EXERCISE BRIEF: Could every line below be transcribed exactly, with the pictures dropped?

(MATERIAL FOR THIS EXERCISE Opens)

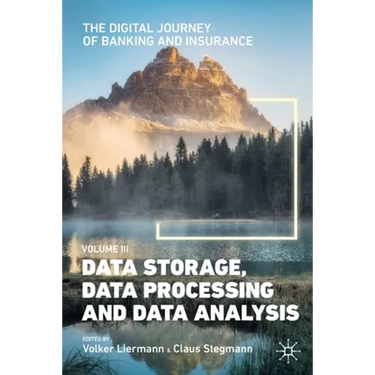 The Digital Journey of Banking and Insurance, Volume III: Data Storage, Data Processing and Data Analysis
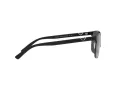 Emporio Armani Ochelari de Soare EA 2134 300187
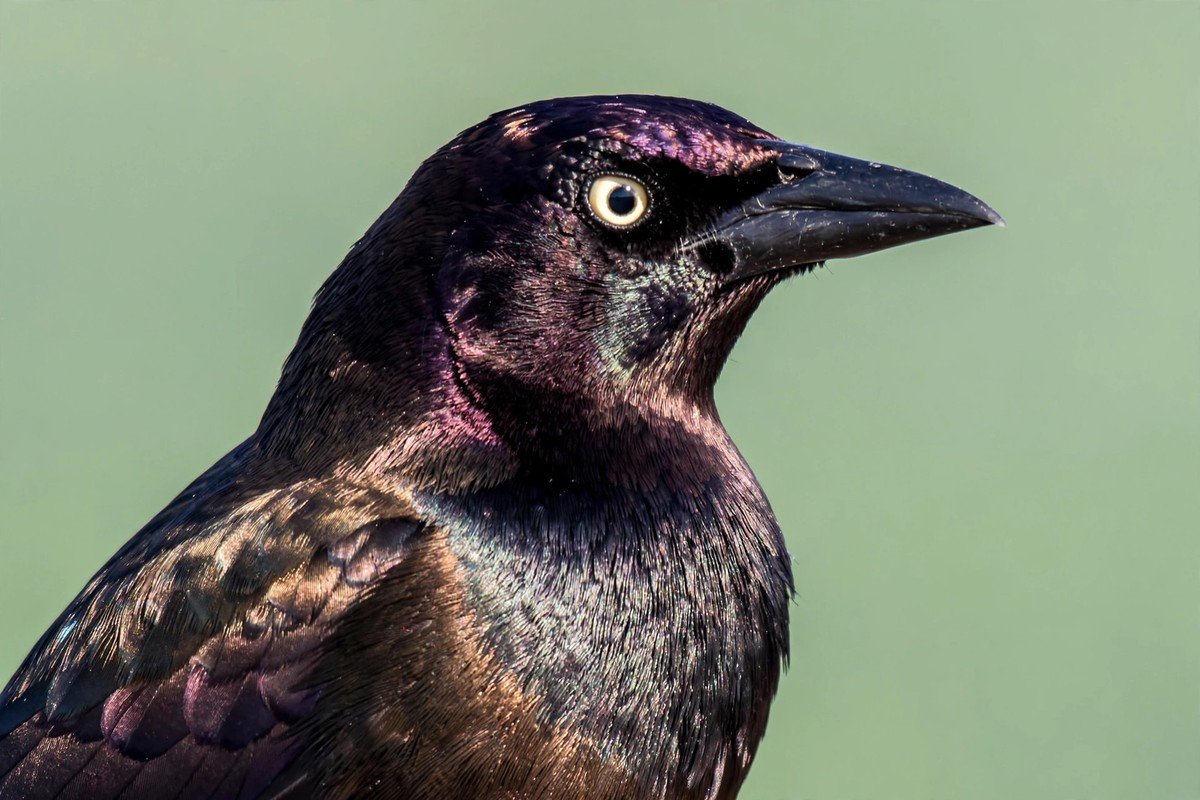Close-up portrait of a common grackle with iridescent bronze-purple plumage and pale yellow eye, the feeder bully behind many how to keep grackles away from bird feeders searches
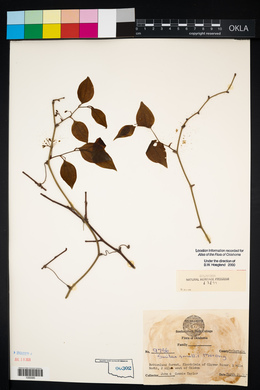 Smilax smallii image
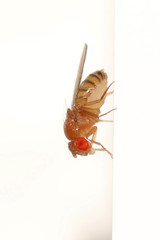 Drosophila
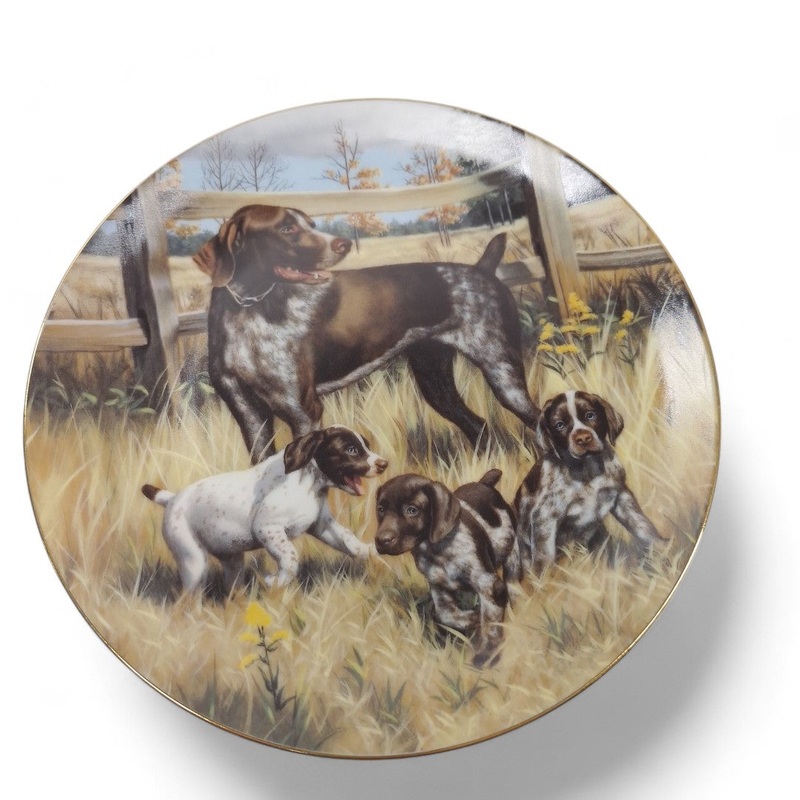 Classic Sporting Dogs German Shorthaired Pointers Collector Plate | Preloved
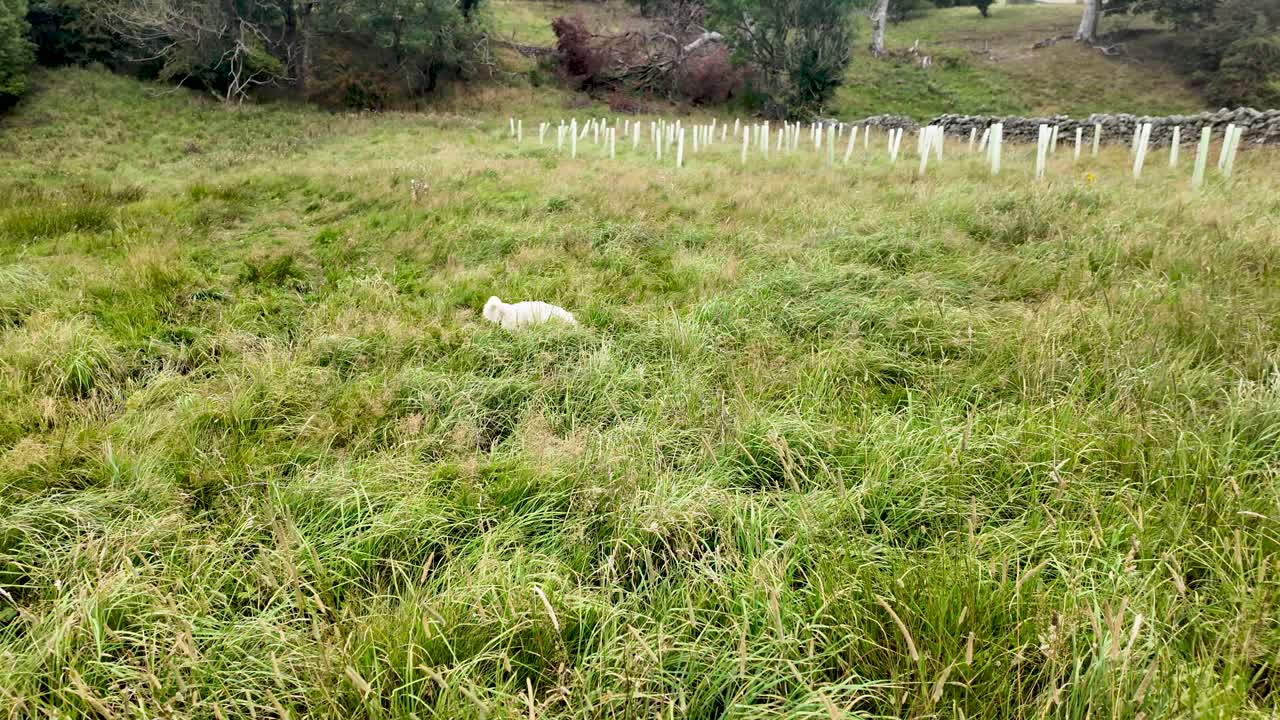 Golden labrador retriever enjoying a walk in tall grass in a field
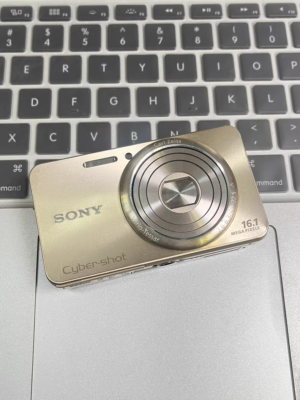 Sony Cyber-shot DSC-W570 Compact Digital Camera -CHAMPAGNE Gold | eBay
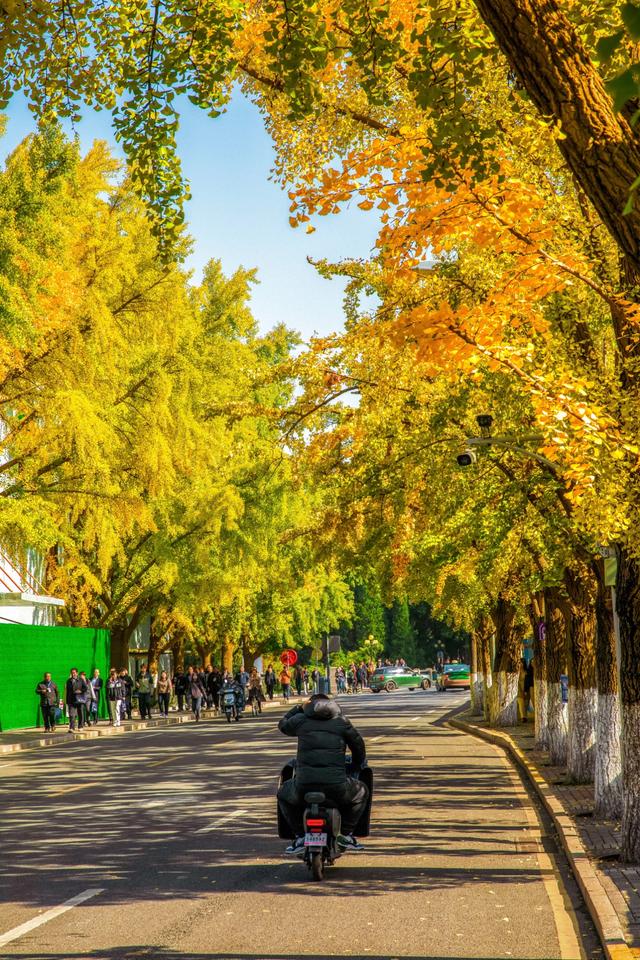北京最被低估的赏秋地，一定是庄重又典雅清华大学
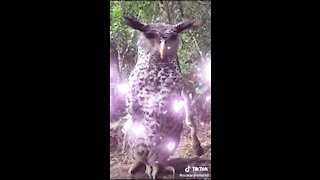 Owl vid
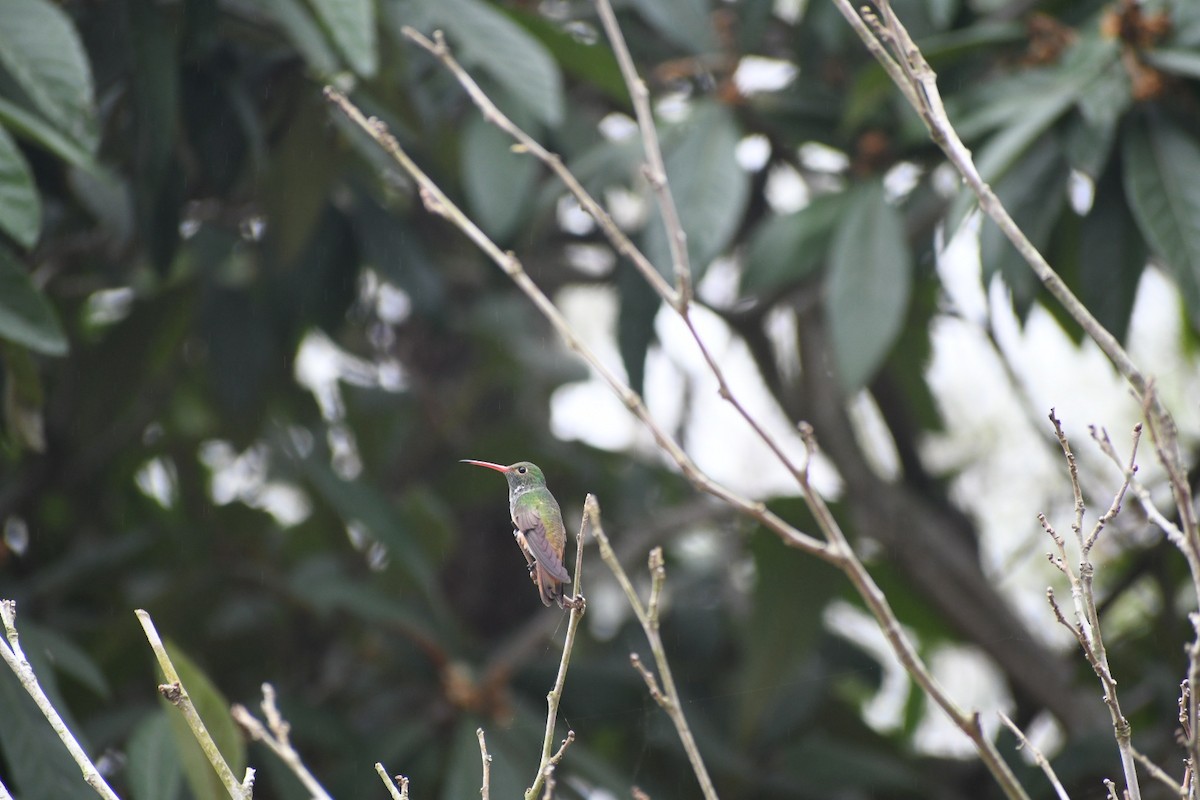 Buff-bellied Hummingbird - ML304912431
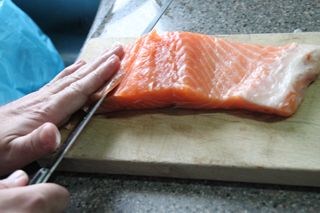 2013 11 02 salmon 004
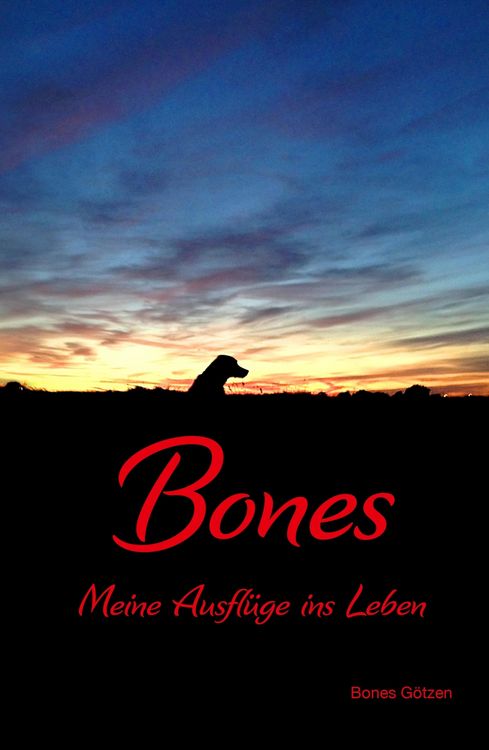 Produktbild: Bones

(MATERIAL FOR THIS EXERCISE Closes)

REPLY TO THE TASK:
 The Digital Journey of Banking and Insurance, Volume III: Data Storage, Data Processing and Data Analysis
 Emporio Armani Ochelari de Soare EA 2134 300187
Close-up portrait of a common grackle with iridescent bronze-purple plumage and pale yellow eye, the feeder bully behind many how to keep grackles away from bird feeders searches
 Smilax smallii image
 Drosophila
 Classic Sporting Dogs German Shorthaired Pointers Collector Plate | Preloved
 Golden labrador retriever enjoying a walk in tall grass in a field
 Sony Cyber-shot DSC-W570 Compact Digital Camera -CHAMPAGNE Gold | eBay
北京最被低估的赏秋地，一定是庄重又典雅清华大学
 Owl vid
 Buff-bellied Hummingbird - ML304912431
 2013 11 02 salmon 004
 Produktbild: Bones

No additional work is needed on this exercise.